On, jak i jego sąsiedzi, próbują różnych sposobów odstraszania. Rozwieszają kolorowe folie, wiatraki, nawet ustawiają figury imitujące ptaki drapieżne. Wszystko to działa, ale na krótko. Po kilku dniach gołębie oswajają się ze „strachami” i siedzą obok nich całkiem obojętnie. Marek proponuje drastyczne rozwiązanie: odstrzał. – Problem zbyt dużych populacji zwierząt jest dobrze znany w przyrodzie i jest na to sprawdzone rozwiązanie. W lasach robi się np. odstrzały redukcyjne zwierzyny. Można tak zrobić również z gołębiami. Ewentualnie, bardziej humanitarny odłów tych ptaków. Wyłapywać i wypuszczać gdzieś daleko za miastem. – pisze Marek.
Pomysł odstrzału jako niedopuszczalny ocenia Sylwester Piechowiak z Straży Zwierząt Help Animals. – Nie wyobrażam sobie, żeby jakiekolwiek władze wydały pozwolenie na odstrzał gołębi. To niehumanitarne i niebezpieczne. Do ptaków strzela się z broni śrutowej, a jej użycie w warunkach miejskich, to ogromne zagrożenie dla ludzi – mówi Piechowiak. Animals dodaje, że w Kaliszu nie ma gołębi więcej niż w innych miastach. Jedynymi dopuszczalnymi „odstraszaczami” są różnego rodzaju zawieszki i ewentualnie kolce instalowane na budynkach.
Sylwester Piechowiak zauważa też, że problem gołębi sprowadzają sobie na głowę sami mieszkańcy. – Tam gdzie ludzie wysypują ptakom jedzenie, tam zawsze będą gołębie. Wszystkie zwierzęta trzeba dokarmiać, ale tylko zimą. Wiosną i latem muszą sobie same radzić, w końcu to dzikie zwierzęta. – mówi Piechowiak.

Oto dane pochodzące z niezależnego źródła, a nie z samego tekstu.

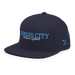 Front left angle of the MAS Kansas City Wheelchair Softball Script Navy Flat Bill Snapback against a white background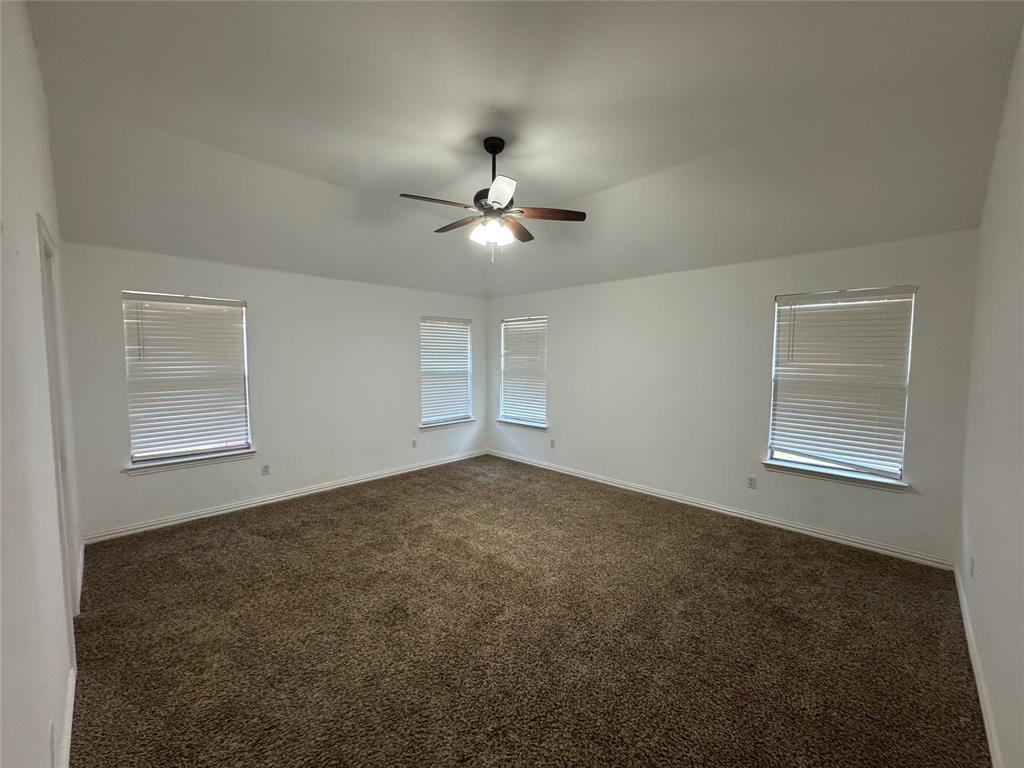 6611 Rockdale Road Fort Worth, TX 76134 - Photo 15 of 32 a view of an empty room with a window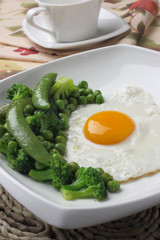 Fried egg with broccoli and green peas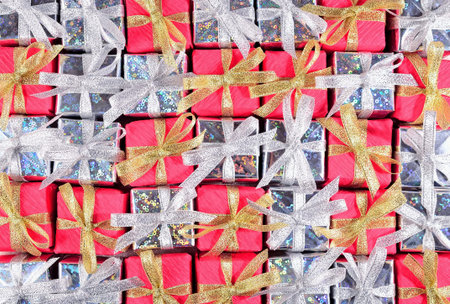 Top view of silver and red gifts as background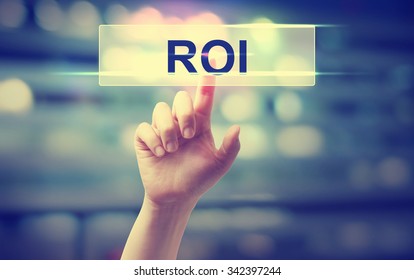 ROI Concept With Hand Pressing A Button On Blurred Abstract Background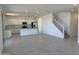 Bright, open living area with staircase and adjacent kitchen featuring modern, white cabinets at 22400 W Monona Ln, Surprise, AZ 85387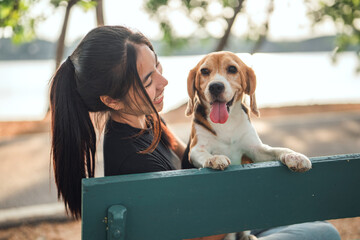 Asian woman resting with beagle dog on bench after walk in park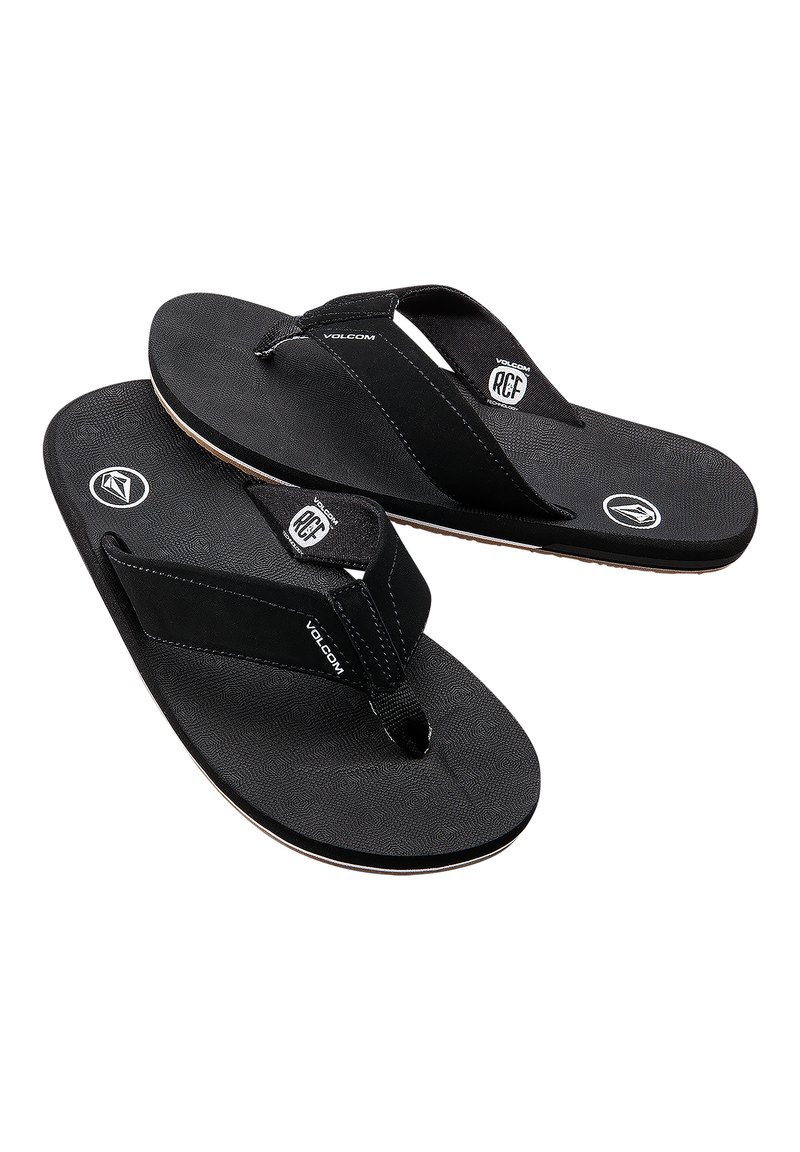 Infradito neri con suole in gomma testurizzata, cinturini in tessuto e dettagli con logo. Design leggero e minimalista, adatto per un look casual.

Szef kaliskich animalsów dodaje, że wyrzucane na trawnik jedzenie ściąga nie tylko gołębie. Do takich żerowisk przychodzą też szczury, myszy i insekty. I to jest prawdziwe zagrożenie dla mieszkańców. To zdanie podzielają zarządcy nieruchomości i spółdzielnie mieszkaniowe, które apelują o niedokarmianie zwierząt. Jeśli apele poskutkują, to do gołębi nie trzeba będzie ani strzelać, ani ich odławiać.